Per sfogare l’occhio. Per trasgredire. Tanto le mogli sono tranquille, dormono serene, li pensano al bar. Secondo un sondaggio commissionato da don Oreste Benzi, fa riflettere il numero di maschi italiani che va a prostitute, anche se sanno bene che sono schiave della malavita e del racket. La maggior parte sono battezzati, appartengono alla Chiesa ma non vivono nella Chiesa. Genitori che fanno gli “scambisti”: incontri tra coppie nei privè e poi porcherie a 360°. Un bordello bestiale. No, le bestie s’offendono: dovremmo cambiare aggettivo! Prima del diluvio universale la Scrittura Sacra attesta che “la malvagità degli uomini era grande sulla terra e che ogni disegno concepito dal loro cuore non era altro che male” (Gen 6,5).

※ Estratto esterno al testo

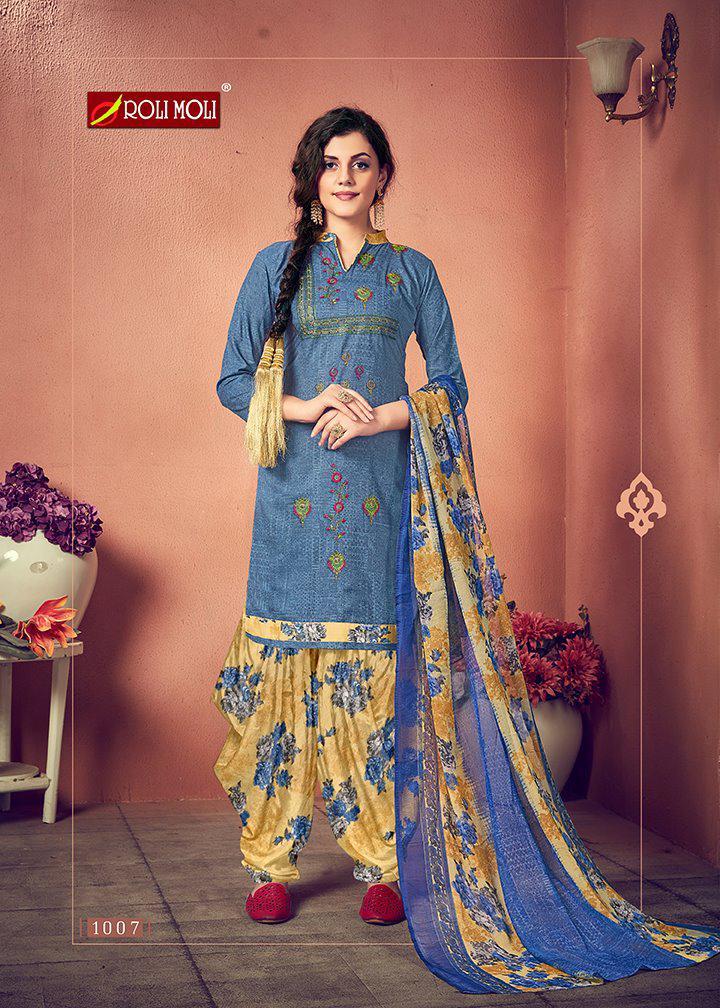 Roli Moli Mehreen Printed Cotton With Fancy Embroidery Work Dress Material Catalog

A volte la storia fa paura!
Entri a
Padova quando il sole si nasconde dietro la sinuosità dei colli e su un cartello luminoso t’accoglie una scritta:
“In questa città è in atto un decreto anti-prostituzione”. Onore…perché indice che non tutti ci stanno a questo gioco notturno. Vergogna…perché senti che qualcosa non quadra più nella nostra società se abbiamo bisogno di queste ristrettezze. Un papà - cliente mi rassicura che i suoi bambini non lo sapranno mai: anzi, questo serve alla sua serenità. Il tradimento come medicina per la famiglia… Figurati! E la potenza dei loro occhi, il riflesso del loro sguardo, l’innocenza del loro cuore non avvertono la puzza di bruciato? Agli adulti – parafrasando
A. de Saint-Exupery – non puoi parlare di bellezza, devi dire loro quanto costa la bellezza. Perché tutto deve avere un prezzo. Perché il prezzo esprime potere, possibilità. Frustrazione: comprare un corpo!

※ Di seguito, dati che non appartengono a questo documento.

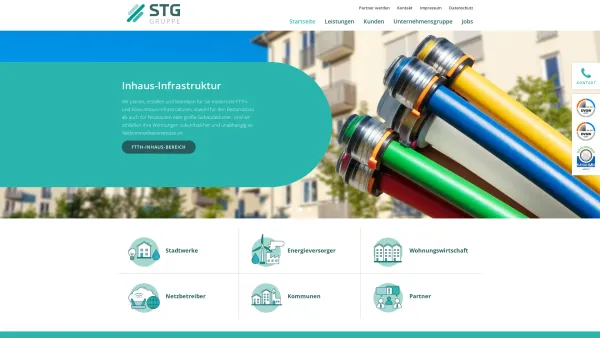 Website Screenshot: STG Kommunikations- und Nachrichtentechnik GmbH - STG GRUPPE in Bochum - Breitbandausbau und FTTH Glasfaser Infrastrukturen - Date: 2023-06-20 10:40:34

Danilo Dolci, uno scrittore contemporaneo, dice che la “città nuova” nasce laddove un bambino impara a costruire impastando sabbia e sogni. Come costruisce un bambino? E’ lo stesso costruire di Dio. Ci mette tutta l’ansia, la pazienza, le vibrazioni del cuore, la speranza, la voglia di futuro e impasta la sabbia, l’esperienza di vita quotidiana, i suoi piccoli problemi, le cadute, le sconfitte, i sogni. Impasta per costruire, non per sporcare.
La legge del Sinai parla chiaro:
“Onora tuo padre e tua madre” (Es 20,12). Ai figli spetta l’onore, ai genitori il compito di essere onorevoli! A me viene nostalgia di un mondo pulito…perché mi procura troppa tenerezza vedere figli orfani con genitori vivi.